## Work required
All that is needed is an exact copy of the lines from the beginning of the data below through the line containing "Track The Number", minus the pictures.

## Supplied information
━━━━

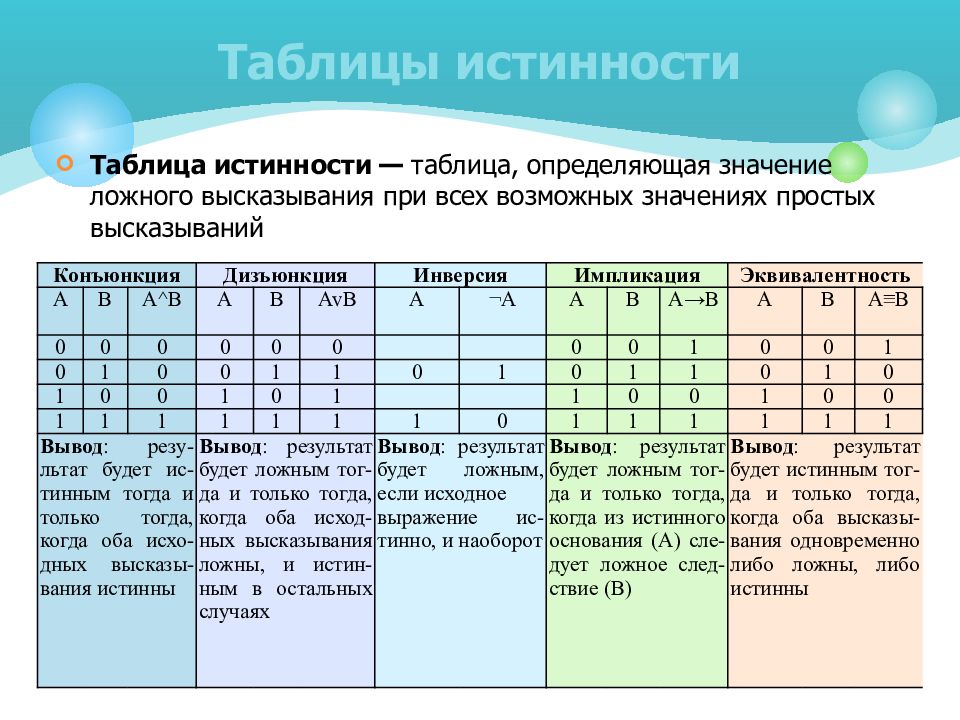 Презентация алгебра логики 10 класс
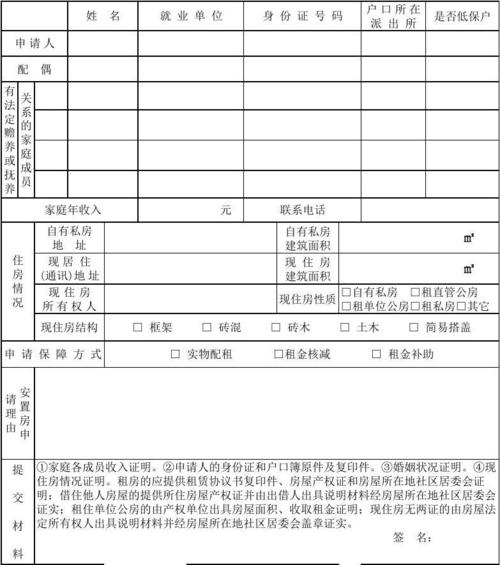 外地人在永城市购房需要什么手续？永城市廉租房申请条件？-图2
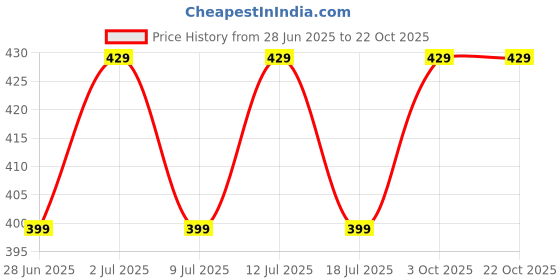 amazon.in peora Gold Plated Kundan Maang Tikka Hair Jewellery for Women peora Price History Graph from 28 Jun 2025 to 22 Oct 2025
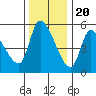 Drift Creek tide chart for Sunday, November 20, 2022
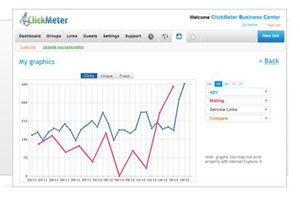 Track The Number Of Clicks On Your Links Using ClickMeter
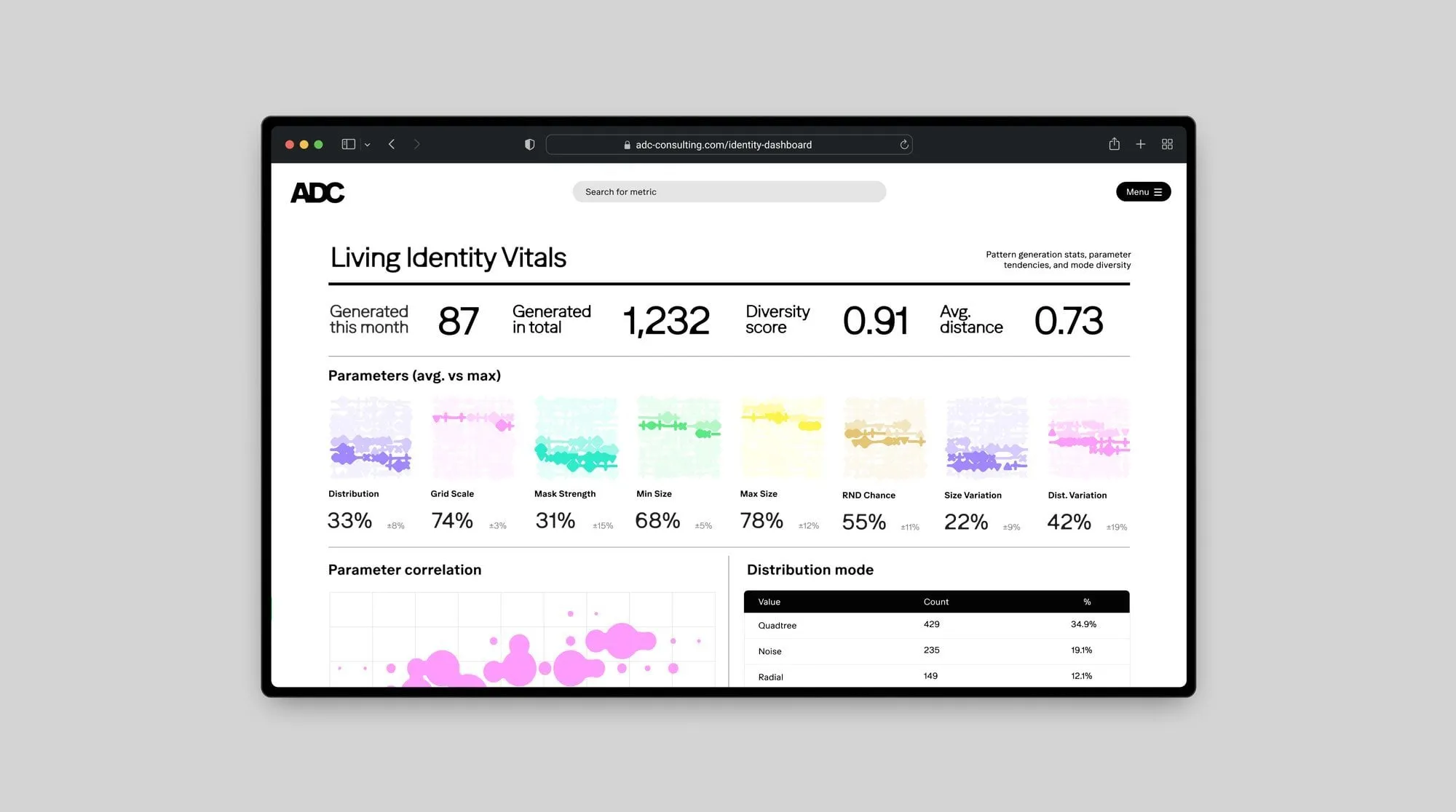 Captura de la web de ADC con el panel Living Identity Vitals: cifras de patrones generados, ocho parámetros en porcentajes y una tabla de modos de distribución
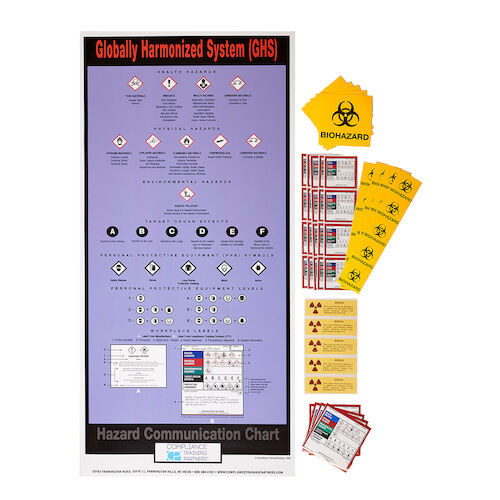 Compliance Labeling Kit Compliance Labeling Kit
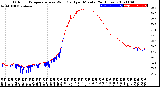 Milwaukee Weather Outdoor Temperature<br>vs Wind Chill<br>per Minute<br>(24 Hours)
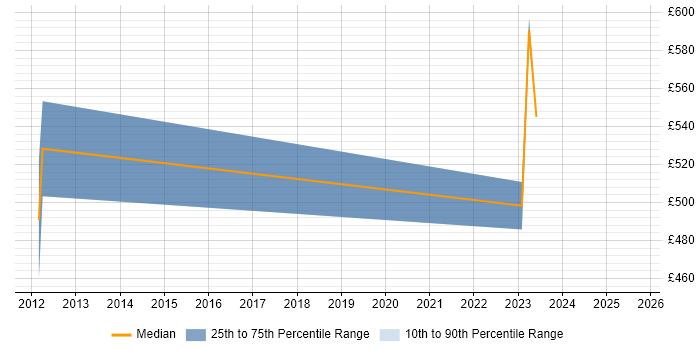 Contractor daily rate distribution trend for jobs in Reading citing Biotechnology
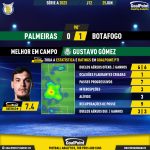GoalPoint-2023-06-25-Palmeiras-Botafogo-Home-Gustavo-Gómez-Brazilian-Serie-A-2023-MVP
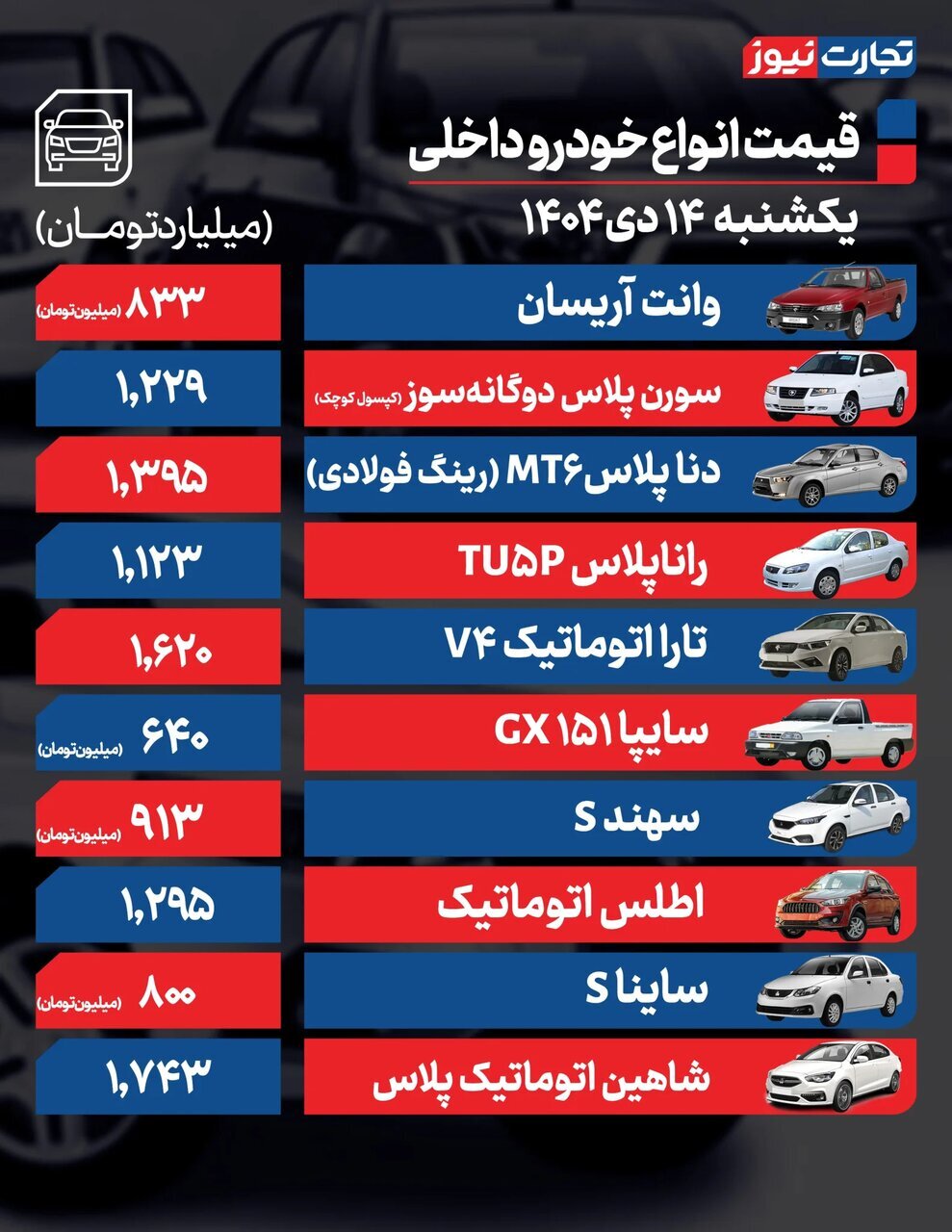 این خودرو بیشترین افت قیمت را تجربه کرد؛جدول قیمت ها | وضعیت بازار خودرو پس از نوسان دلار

━━━━

## Exercise response
 Презентация алгебра логики 10 класс
 外地人在永城市购房需要什么手续？永城市廉租房申请条件？-图2
 amazon.in peora Gold Plated Kundan Maang Tikka Hair Jewellery for Women peora Price History Graph from 28 Jun 2025 to 22 Oct 2025
 Drift Creek tide chart for Sunday, November 20, 2022
 Track The Number Of Clicks On Your Links Using ClickMeter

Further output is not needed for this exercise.